### Task
Copy the listing below in full and skip every picture.

### Collected data
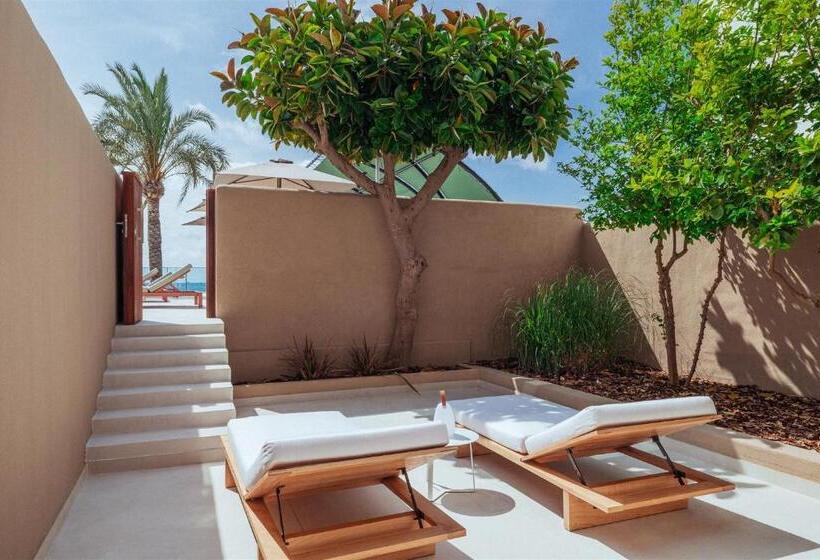 جناح ديلوكس, Ama Ibiza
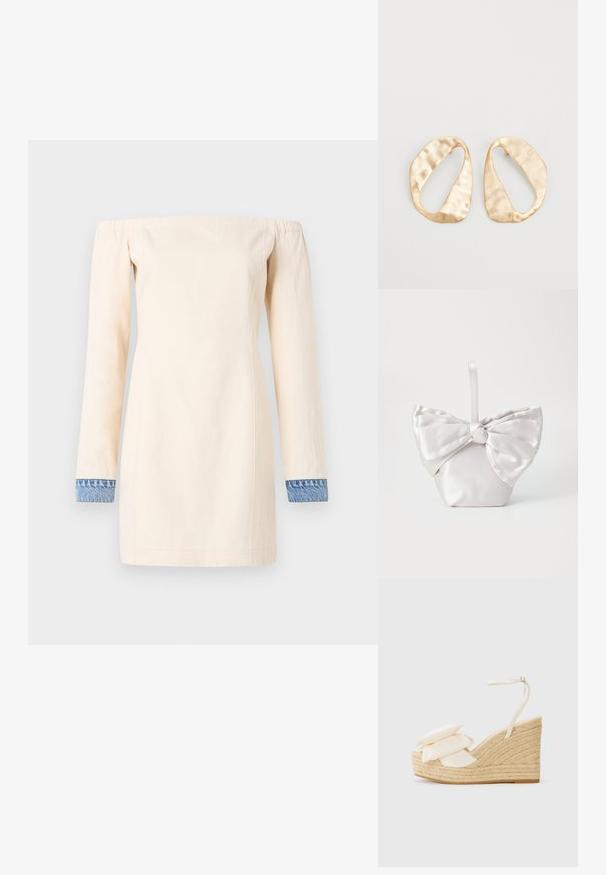 Hihasta açık krem pamuklu elbise, denim manşetli uzun kollarla. Düz kesim ve diz orta boyu olan sade bir siluet.; Viuhka-sandaalit, joissa on luonnollinen jute-alustaa, kermaista kangasta yläosa ja kaksi kerroksista kukka-akselia; sisältää ohut nilkkahihna soljella.; Valkoinen satiinilaukku, jossa on suuri solmu edessä. Laukussa on rakenteellinen muoto ja lyhyt, sileä kahva.; Pari epämuodostuneita soikeita kultasävyisiä metallikorvakoruja, joissa on teksturoitu, hieman hakattu pinta valkoista taustaa vasten.
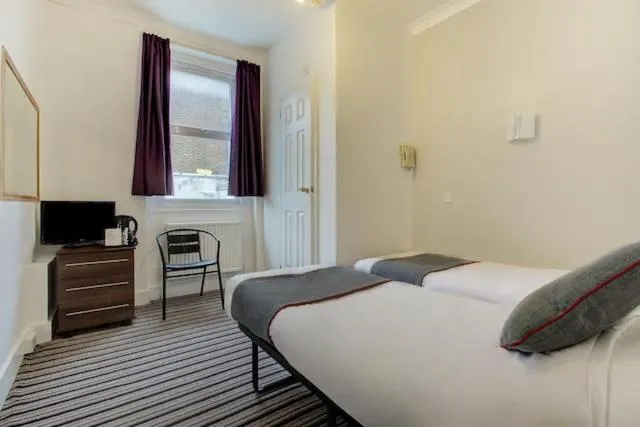 Standard Twin Room in Enrico Hotel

### Solution to this exercise
 جناح ديلوكس, Ama Ibiza
 Hihasta açık krem pamuklu elbise, denim manşetli uzun kollarla. Düz kesim ve diz orta boyu olan sade bir siluet.; Viuhka-sandaalit, joissa on luonnollinen jute-alustaa, kermaista kangasta yläosa ja kaksi kerroksista kukka-akselia; sisältää ohut nilkkahihna soljella.; Valkoinen satiinilaukku, jossa on suuri solmu edessä. Laukussa on rakenteellinen muoto ja lyhyt, sileä kahva.; Pari epämuodostuneita soikeita kultasävyisiä metallikorvakoruja, joissa on teksturoitu, hieman hakattu pinta valkoista taustaa vasten.
 Standard Twin Room in Enrico Hotel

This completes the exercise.